Lors de la première de Secret, le 20 août, le petit chapiteau du Cirque ici était bien rempli et le tout Prague semblait s'être donné rendez-vous pour découvrir un autre représentant du « nouveau cirque » français qui jouit d'une solide réputation à l'étranger. Pour en savoir plus sur ce que l'acrobate a ressenti de ce qui émanait du public tchèque ce soir-là, à chaud, écoutons-le :
« J'ai senti un public très partagé. Comme des gens qui pouvaient s'ennuyer beaucoup et d'autres qui pouvaient être très intéressés. Je ne sais pas en fait s'ils s'ennuyaient, mais ils n'entraient pas... Comme une forme de rejet. Mais c'est très bien. Ce qui m'intéresse, ce n'est pas d'être aimé, mais d'atteindre le public. S'il a une répulsion, c'est qu'il est touché. Ce qui m'intéresse au cirque, c'est de créer du chaos mental, c'est-à-dire une perturbation qui s'effectue dans le fait d'apporter des repères nouveaux dans des repères installés. Le temps d'accepter de nouveaux repères, c'est ce qui peut créer une forme de chaos mental. »
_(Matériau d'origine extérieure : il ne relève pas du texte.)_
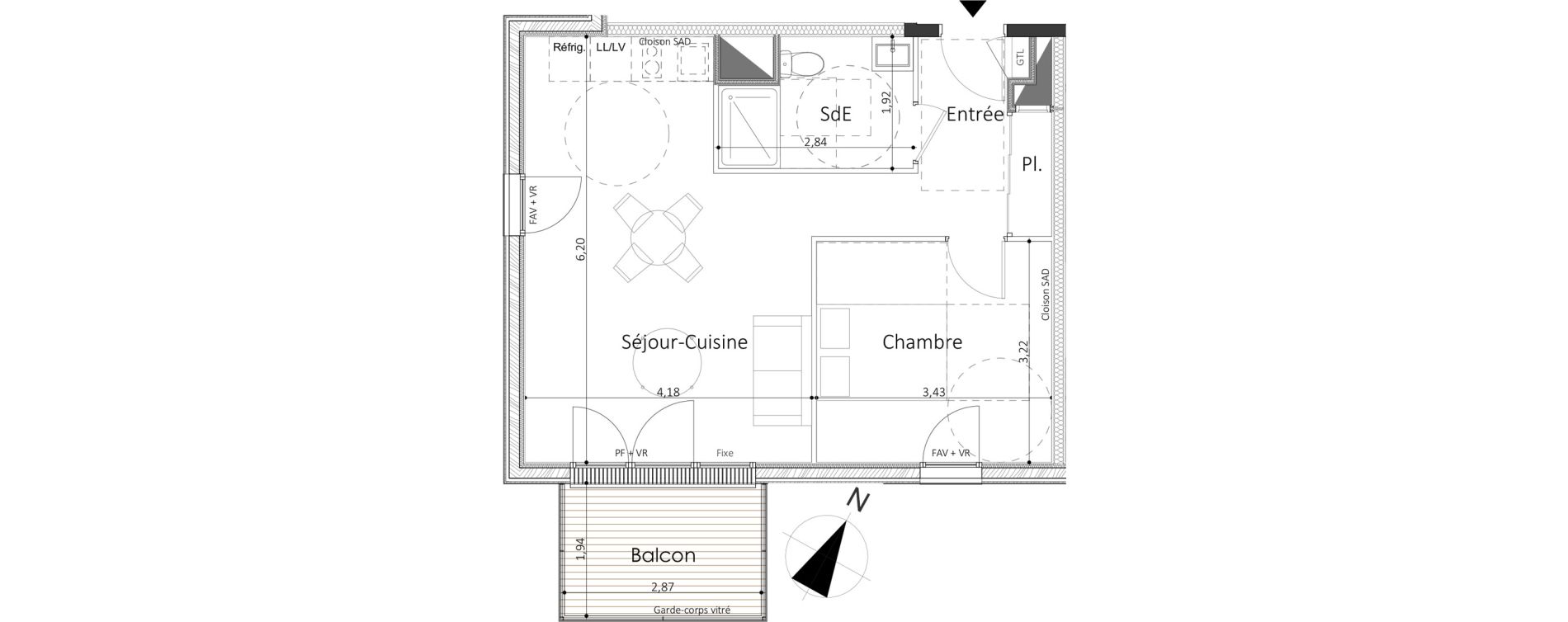 Appartement T2 de 45,31 m2 &agrave; Laval Le bourny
Le lien de Johann Le Guillerm avec la République tchèque est particulier et remonte à ses études : il fait partie des toutes premières générations d'artistes de cirque à avoir étudié au Centre national des Arts du cirque à Châlons en Champagne, où il a eu notamment comme professeur le mime tchèque Ctibor Turba. On écoute ses souvenirs :
« Je suis venu une première fois il y a vingt ans dans le cadre d'un film avec les studios Barrandov sur les Debureau, et Ctibor faisait les saynètes du film, les scènes de spectacle dans le film. A l'époque j'étais funambule, et il m'avait fait venir pour travailler sur ce film. A l'époque il était professeur à Châlons. Après je suis revenu il y a dix ans, invité par Ctibor et le théâtre Alfred ve dvore. C'est une ville que j'aime beaucoup, donc je suis très content de revenir et d'avoir eu une invitation à venir jouer ici. J'aime beaucoup le public, le pays, la ville, c'est donc toujours un plaisir... »
Puisque vous avez eu Ctibor Turba en tant que professeur en France, pourriez-vous dire s'il y a des différences dans l'enseignement du cirque à la tchèque ? Y a-t-il des tendances différentes ?
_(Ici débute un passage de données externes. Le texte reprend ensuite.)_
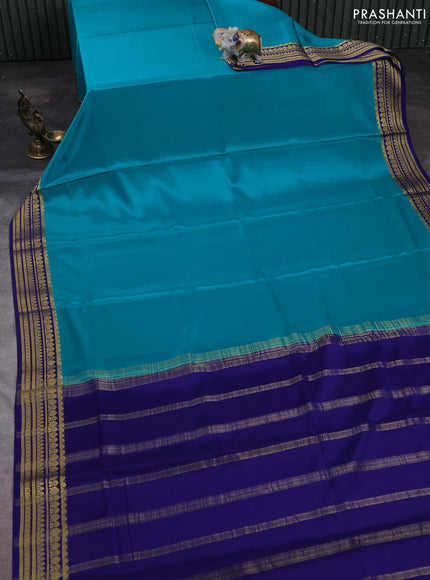 Teal & Blue Pure Mysore Silk Saree -Contarst Border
« Je ne sais pas si on peut parler de différences. C'était un professeur qui venait de l'Est et en soi avait déjà une culture différente... Il avait une pratique de son art qui était différente et dans un contexte difficile. Après, ce que je trouvais appréciable chez Ctibor, c'est qu'en tant que professeur, il portait les élèves dans la direction dans laquelle ils allaient, il ne cherchait pas à en faire des clones de sa personne. Et c'est précisément le rôle d'un professeur. Il était professeur d'art dramatique et d'art clownesque, donc je ne peux pas parler de techniques circassiennes proprement dites. De ce côté-là il avait beaucoup de connaissances et de pratique dans tout un éventail de disciplines d'art dramatique. »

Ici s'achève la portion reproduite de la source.